Germany’s Chancellor Angela Merkel cannot make up here mind about the bailout of Greece. That is probably for a reason that his been well-articulated. The German people do not want to help weak economies by putting the nation’s money at risk. Merkel also wants to be re-elected.
Germany’s iron lady has several rocks to lean on if she wants to leave Greece to the wolves. The first is the Maastricht Treaty which says that Eurozone nations are not supposed to bail their brethren out.
The more powerful argument she has is that she cannot unilaterally put German’s capital at risk. That may or may not be true, but Merkel can turn to her parliament if she want to seek public anti-Greek sentiment.
Merkel can very simply scuttle the Greek loans by insisting that they be at market rate, perhaps as high as 7%. Greece can barely make the debt coverage on those sums, especially as it raises more capital as the year wears on. The Greek economy is still among the most troubled in Europe. The present turmoil is not likely to help its exports. A cut in wages in the nation will undermine consumer spending.

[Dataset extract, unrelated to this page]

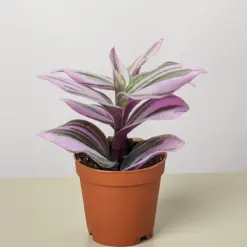 Tradescantia 'Nanouk' — additional view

The most popular reason to avoid a bailout is the “moral hazard” argument. If Greece goes belly up, Spain and Italy will be tempted to take the same route to default on their sovereign obligations. That assume, of course, that they will risk having heavy IMF-like restrictions on their national economies, the equivalent of being in receivership.
Moral hazard is based on a premise that is almost certainly not true that Germany will become the gatekeeper of three or four other nation’s economic activities because it has the power of the purse strings. Germany is not popular enough for its fellow euro nations to go gently into that good night.